A Hotel
Following the weekend's theme of "nasty", the hotel was, too.These prospect camps assign you a hotel, and it's a hotel that kicks money back to the team in exchange for the flood of occupants they receive. The problem is that these are generally not nice hotels, because the nice hotels don't need to do this.
Our hotel was built in 1964, then allegedly renovated two years ago. It wasn't a hockey hotel +, or even a hockey hotel. It was a hockey hotel -, which is pretty depressing.
I awarded it the "Best Western Most Likely To Get Robbed In", and I believe it's earned that award for several years running.
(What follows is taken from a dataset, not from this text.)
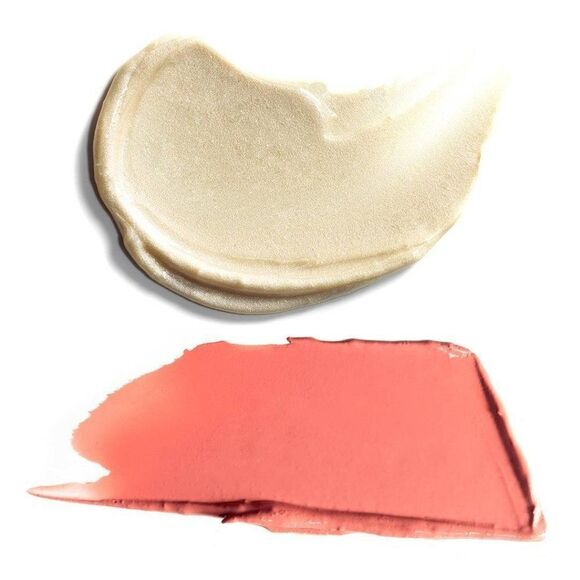 Bobbi Brown  Limited Edition Cheek Glow Palette - Pearl & Pink Flush NEW - Picture 3 of 3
Hotels like this are just depressing. They're always cramped, they're dark, there's not much room to put anything, and they're never clean. I vow that I will never stay in a hotel like this after Eli 16.10 finishes hockey, but as long as tournaments and camps make you stay at a certain hotel, we're stuck.
On the plus side: I tipped the nice maid, and she looked like she hadn't been tipped since 1964, and that got us five bath towels each day, which we usually wind up needing.
There was a restaurant, and we went down Saturday morning for (possibly) breakfast, depending on how it looked. We walked in and it looked reasonably clean, and people were sitting at tables. "This looks okay," Eli 16.10 said, and I started walking around. "Dad!" he said (I'd give that half an exclamation mark if one existed). "Dad, what are you doing?"
I came back a few seconds later. "Eight parties seated," I said. "Zero parties eating."
"Let's go," he said. "McDonald's. Nice catch, Dad." We walked toward the lobby. "Man, that was next level," he said, laughing.
On a side note, we looked at reviews of the restaurant later, and one of the most recent ones said that a bug had been baked into their pizza.
Definitely dodged a bullet. Or a bug.